Skipping ahead to simply offering a test is not recommended. “If, say, 100% of the technicians all pass a test the first time, then perhaps you didn’t write the test hard enough,” said Armistead. “Or maybe you wrote a difficult test, but the technicians are still underperforming in the functions you need them to perform in.” A true CPD program includes evaluating how well pharmacists or technicians are able to perform functions. “Testing alone isn’t a good policy; you need some demonstration of competency,” added Armitstead.
The structure also applies to implementing CPD programs for pharmacists. “If the PPMI is changing pharmacy practice and pharmacist roles are expanding, then we need to not only train pharmacists in advanced functions but also measure how well they are able to complete those functions,” said Armitstead.
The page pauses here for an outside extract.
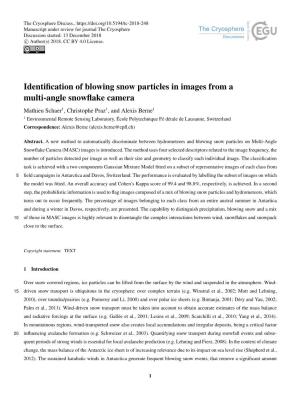 Identification of Blowing Snow Particles in Images from a Multi-Angle Snowflake Camera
The implementation of a CPD program may appear daunting. “The key is to start and build over time. It is a marathon, not a sprint,” said Trapskin. He suggested that pharmacy leadership align competency development to support practice model advancement and optimizing medication use outcomes.
Collaboration among health care providers may also help facilitate the development of pharmacy CPD programs. “As pharmacy continues to mature as a profession, we will likely need to look to our counterparts in other professions to learn lessons about their competency and development processes,” said Smith. For example, most nursing departments have programmatic efforts to ensure a highly skilled workforce. “Pharmacy is at the intersection of the most critical points in a patient’s care, and the quality of that care that we provide should be valued and measured as rigorously as other professions,” said Smith.